I get a lot of people asking me about reloading handgun ammunition, so I thought I would try and answer some of the most frequent questions. Reloading isn’t for everyone. If you only shoot a couple hundred rounds a year, it probably isn’t worth it. You will need a dedicated area to work and store your supplies, not accessibly to children, if you have them.
Is it hard to do?
As with most things, there is a learning curve, but is not difficult at all. Get the required manuals, pay attention, and you will have it down in no time at all.
How much will it cost me to get started?
You will need a press, dies, powder, primers, scales, and caliper to get started.An entry level press can be had for as little as 35 dollars. Dies run 40-50 dollars per caliber. Scales start at 30-40 dollars and a caliper probably 20 dollars.Powder runs about 25 dollars a pound, and primers 4-5 dollars per 100.
I didn’t include brass, because it is reusable for a fairly long time, and is available ( used ) usually 30- 40 dollars per 1000
You should be able to get started for under 200 dollars. If you decide to continue, I would strongly suggest a chronograph. About 100 dollars.
How much will I save?
With premium ammo costing close to a dollar a round, and cheap target ammo running15-20 dollars for a box of fifty, you can save quite a bit.

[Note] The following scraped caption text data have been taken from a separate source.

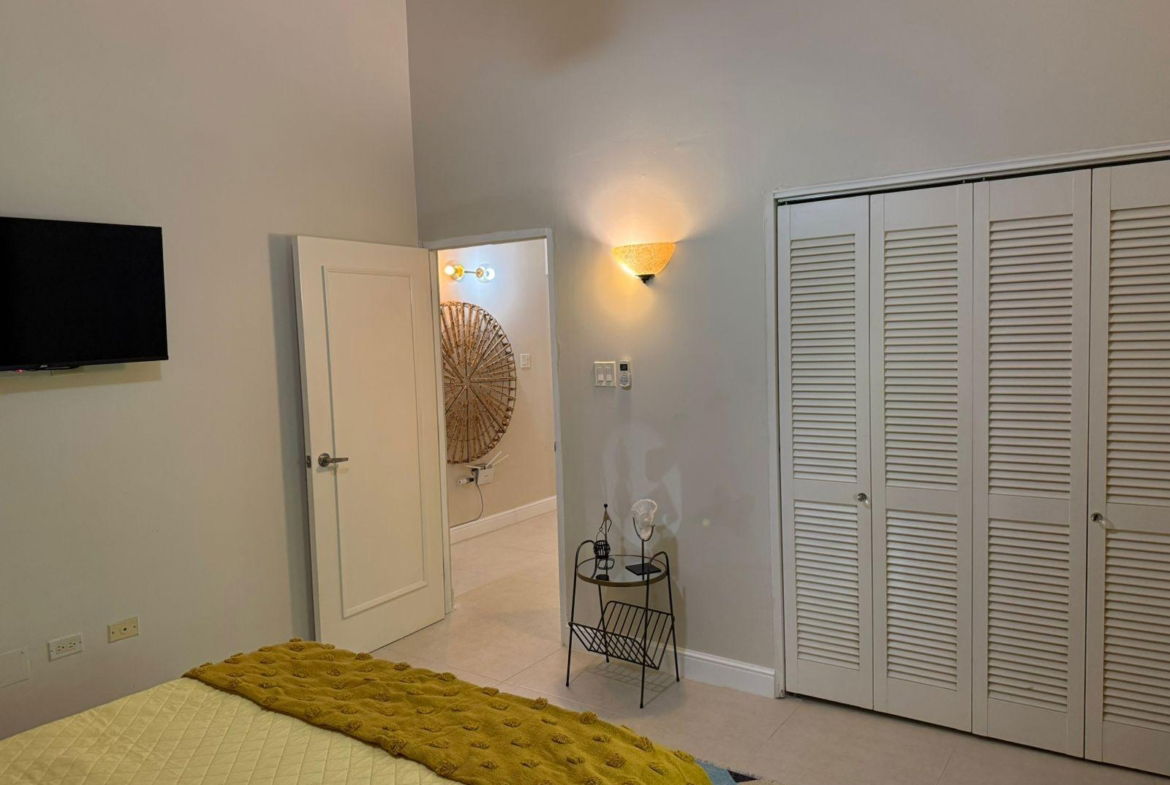 Thirtieth image of 289 Richmond in Ocho Rios, St. Ann, Jamaica - property is For Sale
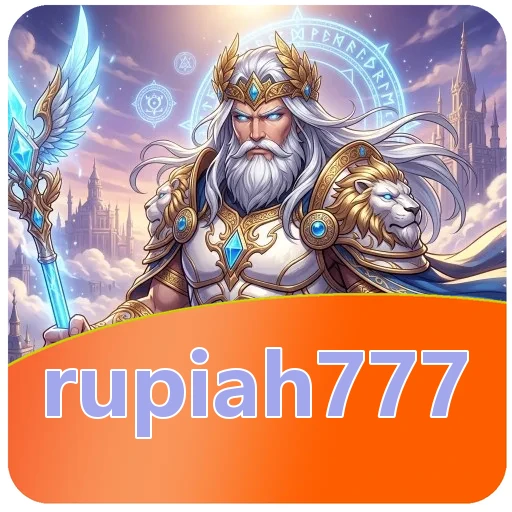 Mengunduh rupiah777 APK 4.8.1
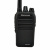 Рация WOUXUN KG-828 VHF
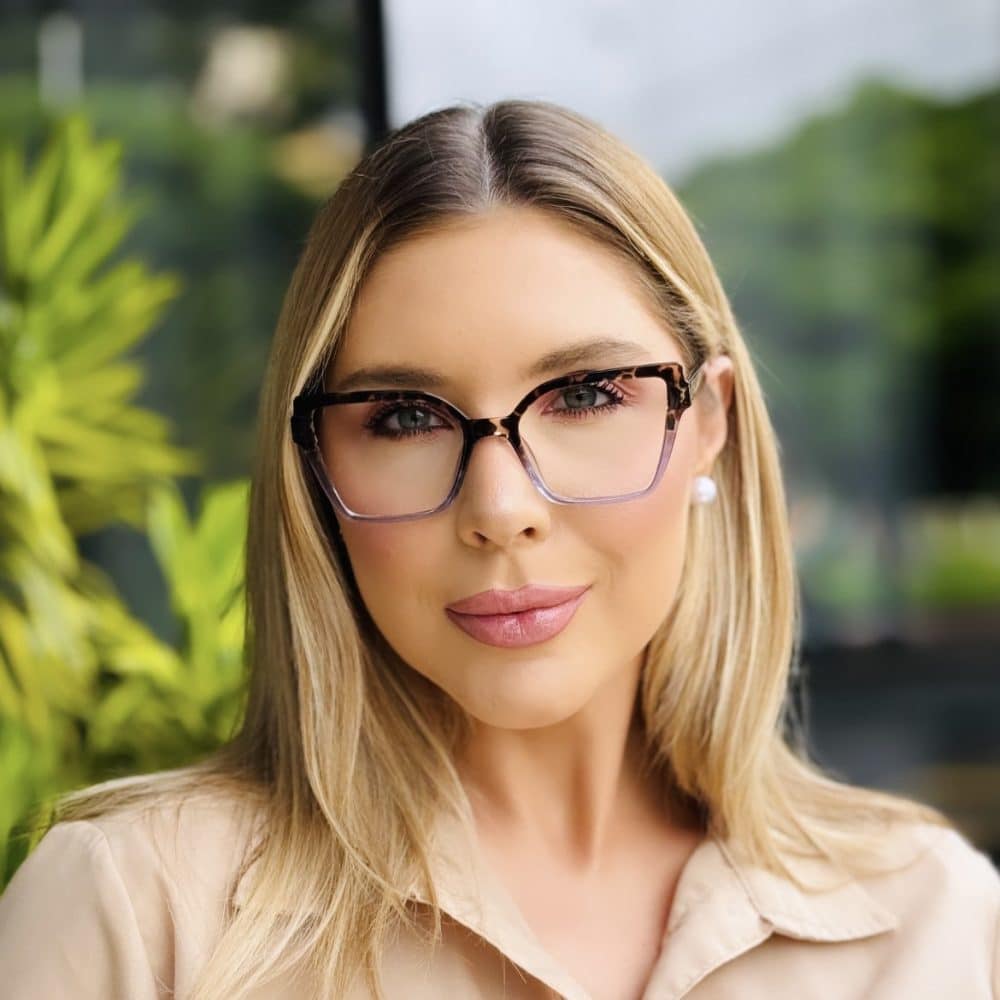 oticagriss oculos feminino 2 em 1 clip on gatinho tartaruga e azul 414 2 oticagriss oculos feminino 2 em 1 clip on gatinho tartaruga e azul 414 2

For example, loading premium 155 XTP ammo for a .40 S&W
- Bullets- 20 dollars per 100
- Primers 4 dollars
- Powder 2 dollars
So we can load 100 premium bullets for 26 dollars a hundred, just over what you would pay for 20 factory rounds. Loading practice ammo is even cheaper. Most of my practice ammo for the .40,.38, and 9mm runs 10 to 12 dollars per 100. You will realize the biggest saving if you buy the components, especially bullets, in bulk.
Is it reliable?
Cheryl and I shoot close to 20,000 rounds a year. All of it our reloads, except for a few hundred a year of factory ammo for testing purposes. We have had more failures with factory ammo than we have our reloads.
Is it safe?
Much like anything to do with firearms, it is exactly as safe as you make it. Can you blow your gun up? Sure, but if you pay attention, and follow published load data, it is no more likely than with factory ammo.